TASK TO CARRY OUT ->
Below are the records; extract from them the line containing "Багажник(куфар) за автомобил" to the line containing "Toner / Canon - 6271B002 / 731C", both lines included, exactly and with no pictures.

DATA FOR THE TASK ->
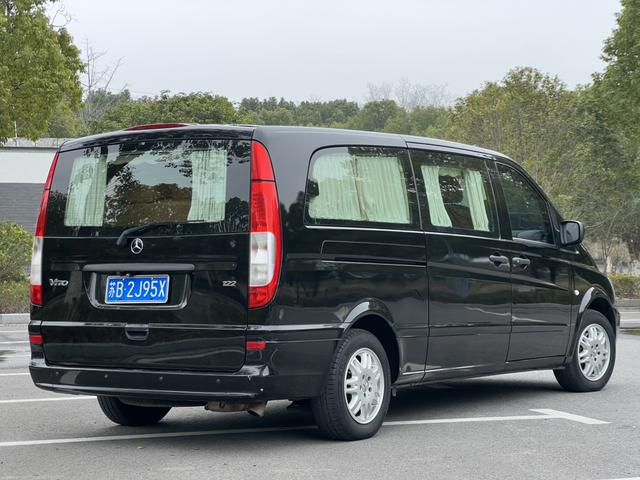 Viano 2013 3.0L Business – фото 4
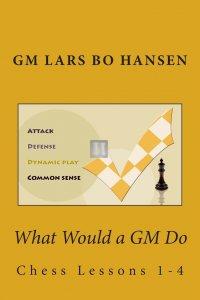 What Would a GM Do - 2nd hand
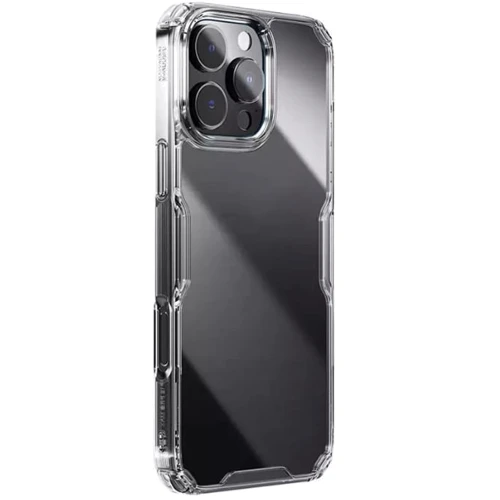 Чехол для iPhone Nillkin Nature Pro Series Clear for iPhone 16 Pro Max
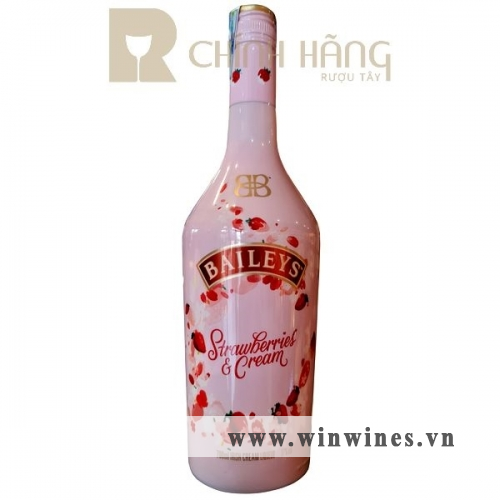 Baileys Strawberries and Cream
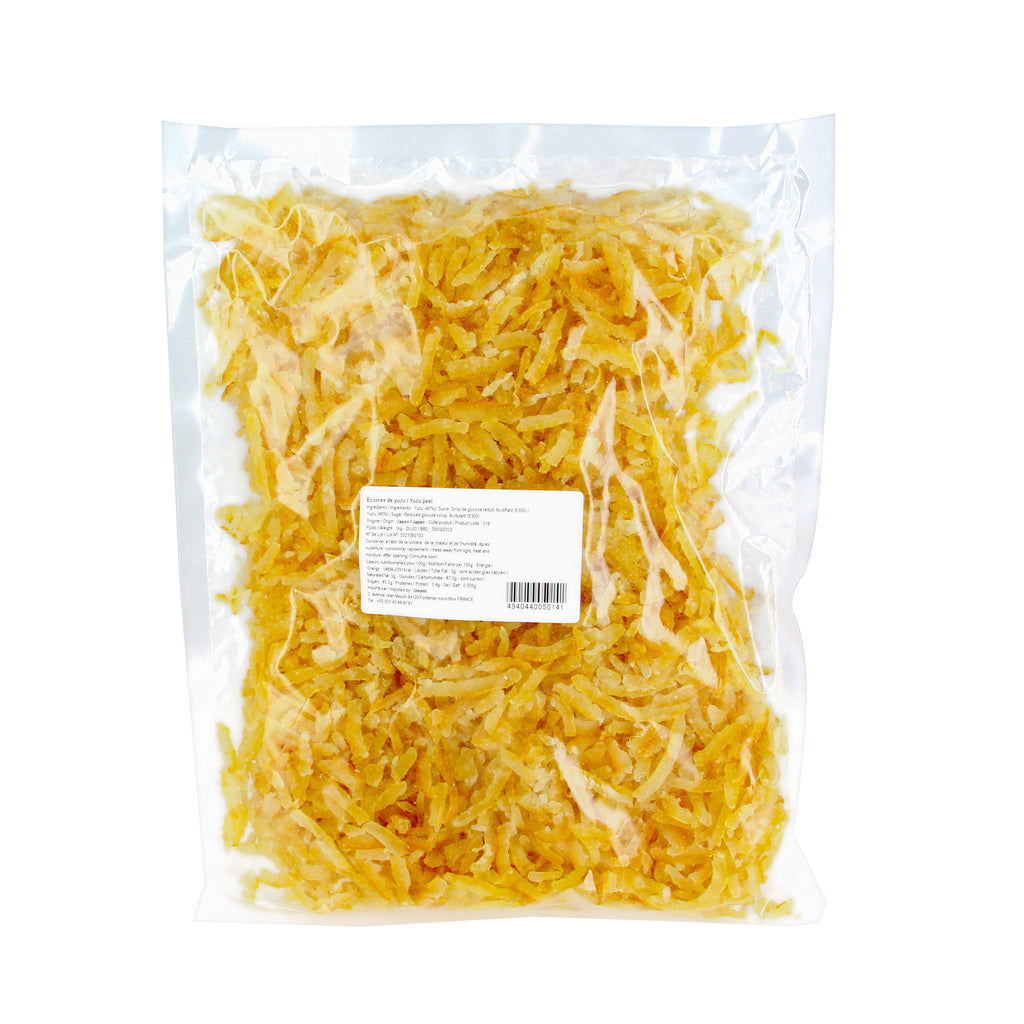 Peel Sweet Yuzu - 1Kg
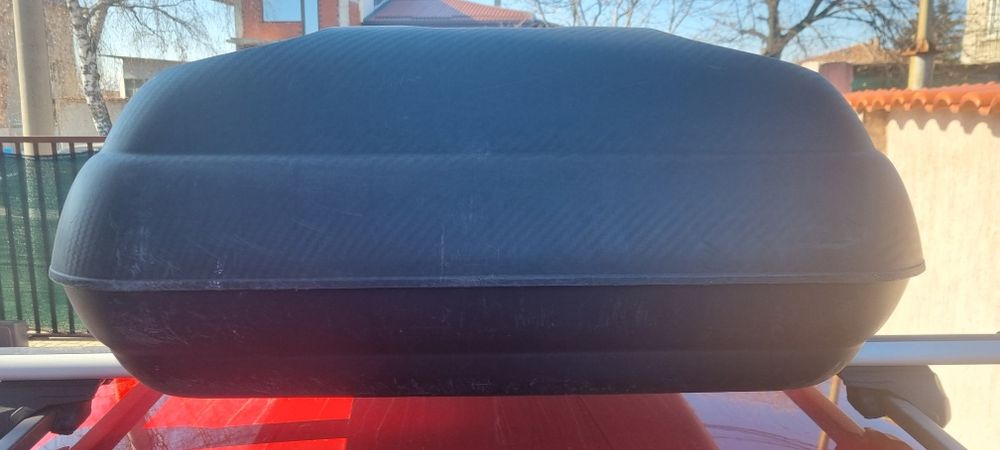 Багажник(куфар) за автомобил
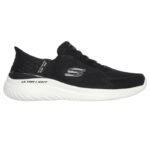 Skechers Slip-ins Bounder 2.0 shoes. Emerged M 232459-BKW - Image 2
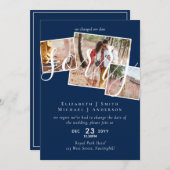 ごめんね！の結婚延期の変更PHOTO (正面/裏面)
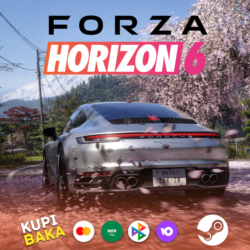 РУ\МИР Forza Horizon 6  ВЫБОР STEAM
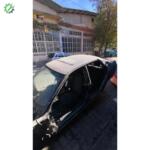Opel Vectra B Sanruflu Kesme Tavan Yeşil Renk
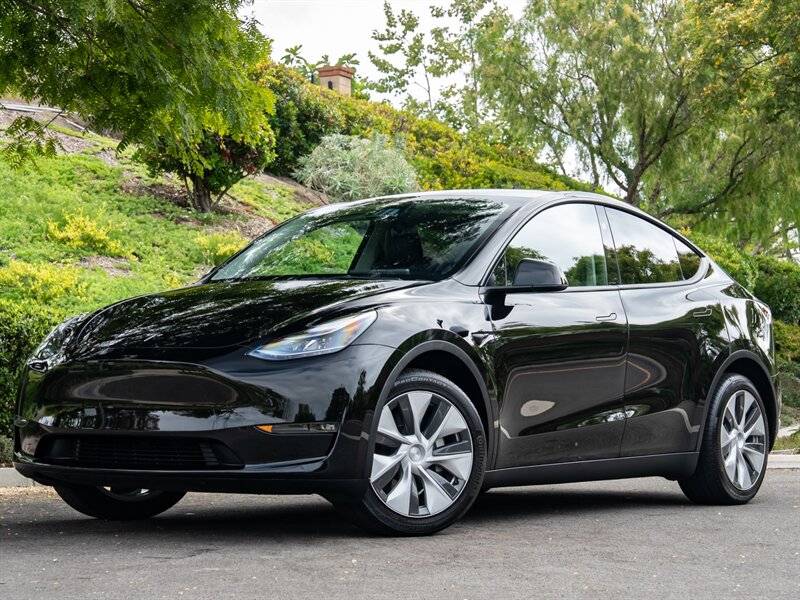 2023 Tesla Model Y Long Range — SUV — 19,524 mi — San Juan Capistrano, CA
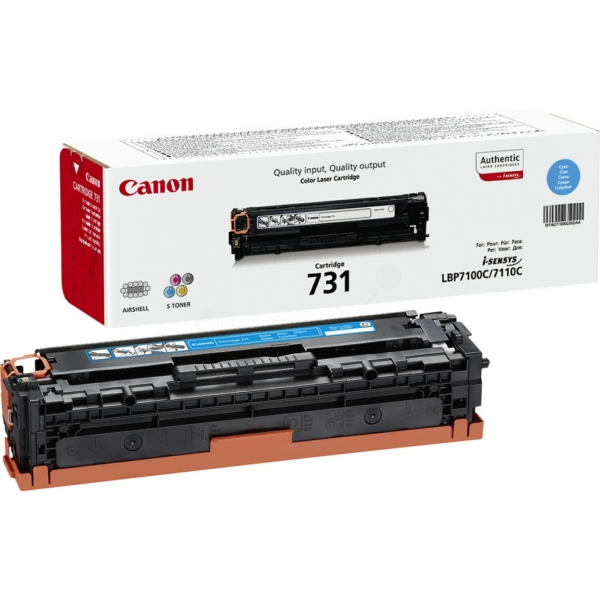 Toner / Canon - 6271B002 / 731C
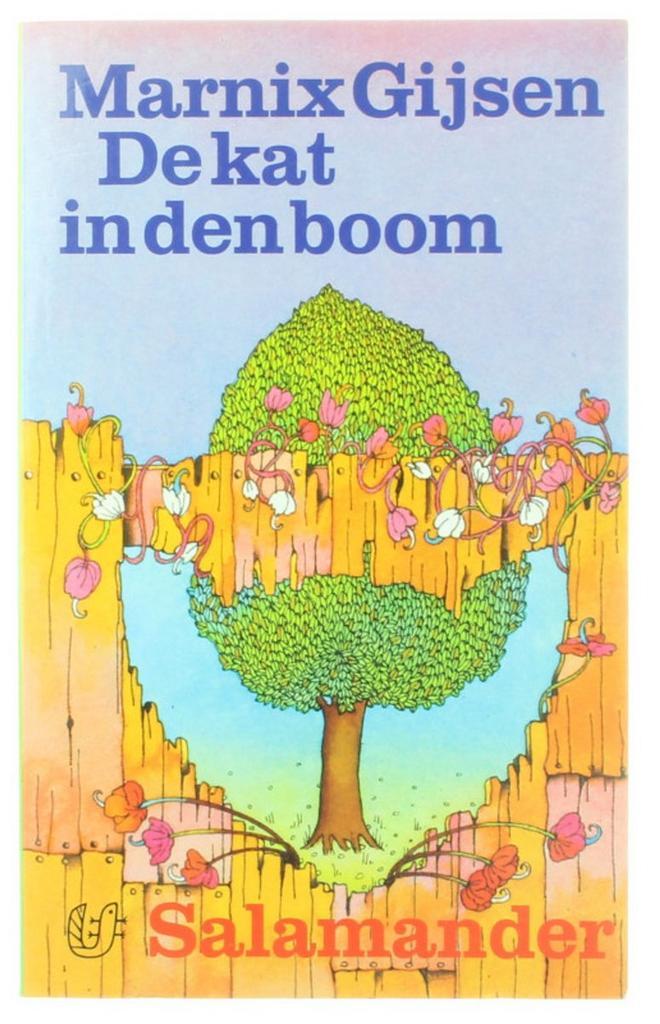 Kat in den boom 9789021493329 Gysen, Boeken, Overige Boeken, Gelezen, Verzenden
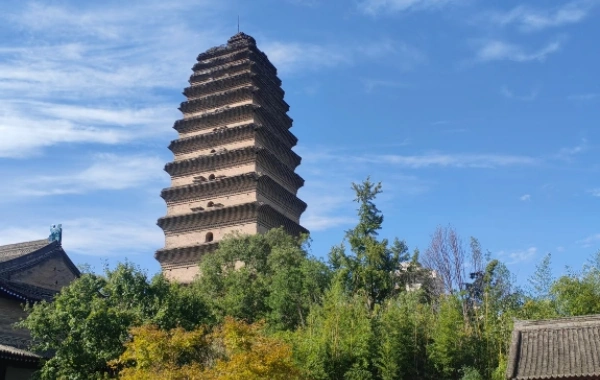 Day 14: Xi'an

SOLUTION TO THE EXERCISE ->
 Багажник(куфар) за автомобил
 Skechers Slip-ins Bounder 2.0 shoes. Emerged M 232459-BKW - Image 2
 ごめんね！の結婚延期の変更PHOTO (正面/裏面)
 РУ\МИР Forza Horizon 6  ВЫБОР STEAM
Opel Vectra B Sanruflu Kesme Tavan Yeşil Renk
 2023 Tesla Model Y Long Range — SUV — 19,524 mi — San Juan Capistrano, CA
 Toner / Canon - 6271B002 / 731C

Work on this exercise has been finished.